Cuthill-McKee Algorithm

2024-01-20

The Cuthill-McKee algorithm is an algorithm that permutes the node index of the nodes in a graph. This algorithm is generally used when:

You are creating a sparse matrix, in this case it allows you to reduce the memory needed to save the whole matrix.
You are performing operations through nodes, in such way that you also need the value of the neighbours of the node you are operating with.
- In this case, you are actually reducing the cache miss rate. When you are trying to get a data from the memory, the CPU actually takes a page of data from the memory to the CPU caches, If there are multiple data that you need in the same page (cache hit), you are saving the time to get the rest of data from the RAM memory.

The algorithm is fairly simple, but many information in the internet isn’t intuitive, and there are even implementations that give wrong results (I know this because I used them as reference when implementing).

I can promise you that my implementation is correct. The repository contains the code in Fortran. ~~Yes, I would preferred to have it written in Rust, or at least in C++, but it was a work for a Fortran program.~~

Implementation
Validation

Implementation

Before getting into the details of the algorithm, we have to first define some concepts used later:

Degree of a node: Number of nodes connected to that node (or the number of edges formed by that node).

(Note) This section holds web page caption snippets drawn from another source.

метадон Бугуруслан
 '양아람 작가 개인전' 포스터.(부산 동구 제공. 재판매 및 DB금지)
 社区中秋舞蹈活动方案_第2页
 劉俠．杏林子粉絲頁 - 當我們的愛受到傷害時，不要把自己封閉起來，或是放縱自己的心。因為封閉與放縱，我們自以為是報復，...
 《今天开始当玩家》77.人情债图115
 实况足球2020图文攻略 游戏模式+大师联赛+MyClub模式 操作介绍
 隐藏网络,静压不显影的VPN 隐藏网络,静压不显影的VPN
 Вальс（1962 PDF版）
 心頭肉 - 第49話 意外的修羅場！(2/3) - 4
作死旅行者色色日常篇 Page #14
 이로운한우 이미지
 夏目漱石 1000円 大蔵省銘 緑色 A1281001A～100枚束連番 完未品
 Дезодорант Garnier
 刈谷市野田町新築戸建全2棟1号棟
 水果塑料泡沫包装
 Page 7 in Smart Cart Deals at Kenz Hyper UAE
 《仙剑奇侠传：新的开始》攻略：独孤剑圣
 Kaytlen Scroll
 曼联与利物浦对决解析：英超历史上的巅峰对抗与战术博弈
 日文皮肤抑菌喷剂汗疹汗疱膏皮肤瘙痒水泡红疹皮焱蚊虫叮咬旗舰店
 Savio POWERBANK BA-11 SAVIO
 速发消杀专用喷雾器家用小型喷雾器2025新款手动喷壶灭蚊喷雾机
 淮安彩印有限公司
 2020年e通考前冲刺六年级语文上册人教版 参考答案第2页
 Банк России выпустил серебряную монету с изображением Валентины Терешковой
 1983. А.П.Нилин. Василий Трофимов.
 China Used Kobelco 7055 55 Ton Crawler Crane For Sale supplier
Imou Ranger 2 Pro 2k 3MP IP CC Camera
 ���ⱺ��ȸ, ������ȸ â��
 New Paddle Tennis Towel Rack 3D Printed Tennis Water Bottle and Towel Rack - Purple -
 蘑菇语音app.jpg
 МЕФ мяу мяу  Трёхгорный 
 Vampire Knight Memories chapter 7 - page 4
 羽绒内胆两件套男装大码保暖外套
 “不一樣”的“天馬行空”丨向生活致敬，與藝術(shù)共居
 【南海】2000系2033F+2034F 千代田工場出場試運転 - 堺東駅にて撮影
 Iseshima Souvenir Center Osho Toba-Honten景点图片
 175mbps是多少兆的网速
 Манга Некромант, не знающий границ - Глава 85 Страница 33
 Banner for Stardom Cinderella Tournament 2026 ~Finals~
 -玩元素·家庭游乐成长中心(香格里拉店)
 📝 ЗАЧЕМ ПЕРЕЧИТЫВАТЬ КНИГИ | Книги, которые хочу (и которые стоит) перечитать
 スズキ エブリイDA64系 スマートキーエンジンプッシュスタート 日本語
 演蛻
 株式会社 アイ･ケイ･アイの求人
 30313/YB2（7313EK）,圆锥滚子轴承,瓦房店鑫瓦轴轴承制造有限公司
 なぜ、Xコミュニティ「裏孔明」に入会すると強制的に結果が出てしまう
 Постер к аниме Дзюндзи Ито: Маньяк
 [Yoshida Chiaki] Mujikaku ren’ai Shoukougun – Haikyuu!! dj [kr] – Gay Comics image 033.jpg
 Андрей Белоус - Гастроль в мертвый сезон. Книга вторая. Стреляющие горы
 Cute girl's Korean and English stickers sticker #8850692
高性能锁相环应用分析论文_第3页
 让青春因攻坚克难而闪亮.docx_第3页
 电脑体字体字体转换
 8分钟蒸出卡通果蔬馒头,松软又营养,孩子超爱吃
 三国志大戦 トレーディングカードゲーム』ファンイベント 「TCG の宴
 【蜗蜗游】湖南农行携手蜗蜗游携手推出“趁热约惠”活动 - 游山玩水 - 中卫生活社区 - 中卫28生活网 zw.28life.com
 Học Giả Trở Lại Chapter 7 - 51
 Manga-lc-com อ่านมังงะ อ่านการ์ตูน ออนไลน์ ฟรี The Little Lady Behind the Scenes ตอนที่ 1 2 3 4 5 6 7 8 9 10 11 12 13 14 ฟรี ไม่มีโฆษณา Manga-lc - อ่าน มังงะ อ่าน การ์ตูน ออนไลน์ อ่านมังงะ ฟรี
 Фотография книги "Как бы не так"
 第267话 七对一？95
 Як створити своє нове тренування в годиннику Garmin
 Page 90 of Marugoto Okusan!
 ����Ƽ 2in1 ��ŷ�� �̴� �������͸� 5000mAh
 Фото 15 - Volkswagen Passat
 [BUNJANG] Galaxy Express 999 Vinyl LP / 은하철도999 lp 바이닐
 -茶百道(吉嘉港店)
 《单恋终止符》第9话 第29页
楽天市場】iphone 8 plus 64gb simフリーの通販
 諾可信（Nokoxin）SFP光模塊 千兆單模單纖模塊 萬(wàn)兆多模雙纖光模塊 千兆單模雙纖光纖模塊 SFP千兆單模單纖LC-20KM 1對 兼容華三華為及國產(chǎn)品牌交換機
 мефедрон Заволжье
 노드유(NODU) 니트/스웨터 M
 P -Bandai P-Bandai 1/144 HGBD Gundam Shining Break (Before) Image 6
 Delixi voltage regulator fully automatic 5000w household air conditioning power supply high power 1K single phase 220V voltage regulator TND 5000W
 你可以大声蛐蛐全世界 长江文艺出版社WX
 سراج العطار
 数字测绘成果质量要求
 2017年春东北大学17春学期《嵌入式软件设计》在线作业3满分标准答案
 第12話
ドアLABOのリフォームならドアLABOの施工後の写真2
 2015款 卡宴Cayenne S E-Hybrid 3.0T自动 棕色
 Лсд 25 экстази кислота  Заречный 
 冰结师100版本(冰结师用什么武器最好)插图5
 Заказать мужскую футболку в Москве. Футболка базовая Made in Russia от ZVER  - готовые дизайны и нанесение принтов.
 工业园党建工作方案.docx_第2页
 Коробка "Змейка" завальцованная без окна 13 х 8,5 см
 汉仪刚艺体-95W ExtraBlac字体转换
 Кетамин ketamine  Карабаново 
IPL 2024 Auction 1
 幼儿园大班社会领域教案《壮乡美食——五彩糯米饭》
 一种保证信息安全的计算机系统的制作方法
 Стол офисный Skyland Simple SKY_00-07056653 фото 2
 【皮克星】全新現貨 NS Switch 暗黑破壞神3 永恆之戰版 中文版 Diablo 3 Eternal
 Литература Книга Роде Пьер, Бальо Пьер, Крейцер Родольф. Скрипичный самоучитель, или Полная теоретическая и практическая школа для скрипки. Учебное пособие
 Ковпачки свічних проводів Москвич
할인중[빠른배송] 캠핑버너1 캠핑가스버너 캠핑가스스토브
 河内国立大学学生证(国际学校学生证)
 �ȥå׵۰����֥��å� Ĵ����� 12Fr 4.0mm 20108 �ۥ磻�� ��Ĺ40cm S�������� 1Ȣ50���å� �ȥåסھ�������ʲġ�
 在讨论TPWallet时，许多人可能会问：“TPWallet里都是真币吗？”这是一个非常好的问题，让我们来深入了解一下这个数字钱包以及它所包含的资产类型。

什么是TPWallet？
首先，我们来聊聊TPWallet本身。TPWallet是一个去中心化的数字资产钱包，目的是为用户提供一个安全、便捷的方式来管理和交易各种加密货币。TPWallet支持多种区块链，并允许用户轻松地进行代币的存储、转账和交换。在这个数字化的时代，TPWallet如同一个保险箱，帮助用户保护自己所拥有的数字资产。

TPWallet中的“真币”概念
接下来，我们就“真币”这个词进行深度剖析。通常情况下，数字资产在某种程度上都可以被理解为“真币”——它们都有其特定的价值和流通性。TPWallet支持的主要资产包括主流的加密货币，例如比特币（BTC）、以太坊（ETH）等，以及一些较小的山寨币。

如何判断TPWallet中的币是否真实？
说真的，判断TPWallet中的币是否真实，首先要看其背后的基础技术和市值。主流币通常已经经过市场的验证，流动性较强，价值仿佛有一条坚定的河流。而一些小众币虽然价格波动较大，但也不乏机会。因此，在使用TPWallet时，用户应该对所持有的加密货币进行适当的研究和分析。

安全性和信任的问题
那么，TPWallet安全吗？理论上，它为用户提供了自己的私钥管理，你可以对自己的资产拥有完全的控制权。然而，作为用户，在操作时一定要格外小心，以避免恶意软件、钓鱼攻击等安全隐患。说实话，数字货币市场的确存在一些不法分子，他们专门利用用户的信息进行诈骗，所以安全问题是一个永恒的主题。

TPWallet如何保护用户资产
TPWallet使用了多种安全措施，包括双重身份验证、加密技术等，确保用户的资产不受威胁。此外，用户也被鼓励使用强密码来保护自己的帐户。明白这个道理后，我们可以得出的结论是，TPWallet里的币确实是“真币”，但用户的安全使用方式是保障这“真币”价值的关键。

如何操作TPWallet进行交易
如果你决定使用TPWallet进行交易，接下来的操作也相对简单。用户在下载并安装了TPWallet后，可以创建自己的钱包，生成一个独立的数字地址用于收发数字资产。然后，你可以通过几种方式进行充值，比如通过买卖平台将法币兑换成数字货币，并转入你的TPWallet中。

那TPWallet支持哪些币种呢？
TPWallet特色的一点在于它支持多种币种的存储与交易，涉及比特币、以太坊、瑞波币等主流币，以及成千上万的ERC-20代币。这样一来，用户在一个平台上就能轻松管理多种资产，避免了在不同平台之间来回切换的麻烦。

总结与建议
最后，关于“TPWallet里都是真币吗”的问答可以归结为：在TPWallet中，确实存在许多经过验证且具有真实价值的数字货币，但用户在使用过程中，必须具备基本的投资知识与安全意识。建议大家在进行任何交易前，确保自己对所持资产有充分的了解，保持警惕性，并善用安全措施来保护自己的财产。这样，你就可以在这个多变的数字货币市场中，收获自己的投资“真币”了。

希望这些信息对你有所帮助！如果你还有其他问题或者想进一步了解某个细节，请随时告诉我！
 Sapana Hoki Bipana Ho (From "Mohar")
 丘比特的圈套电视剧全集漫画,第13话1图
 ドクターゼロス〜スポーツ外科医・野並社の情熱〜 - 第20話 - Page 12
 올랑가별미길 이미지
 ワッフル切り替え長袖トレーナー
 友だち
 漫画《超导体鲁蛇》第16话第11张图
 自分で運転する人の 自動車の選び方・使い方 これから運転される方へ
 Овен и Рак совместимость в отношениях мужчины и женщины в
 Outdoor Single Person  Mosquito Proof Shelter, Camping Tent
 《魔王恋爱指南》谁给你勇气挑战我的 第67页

See the figure below for reference.
Queue: A list of node that contains a range of nodes, candidates of the next index.

node-degree — Example graph, where numbers in red are the degree of the node.

The scheme of the Cuthill-McKee algorithm is fairly simple:

Calculate the degree of all nodes
Choose a starting node, which should have the smallest degree. There could be multiple nodes with such value, thus we have to choose a convention that can be choosing the minimum original index or maximum original index.
Assign the node with a new index —which is 1—, and add the nodes connected to that node to a list of queue.
Assign the next index to the node of the smallest degree in the queue, add the connected nodes that have never been added to queue into a new queue (different from the current queue), and remove the node from the current queue.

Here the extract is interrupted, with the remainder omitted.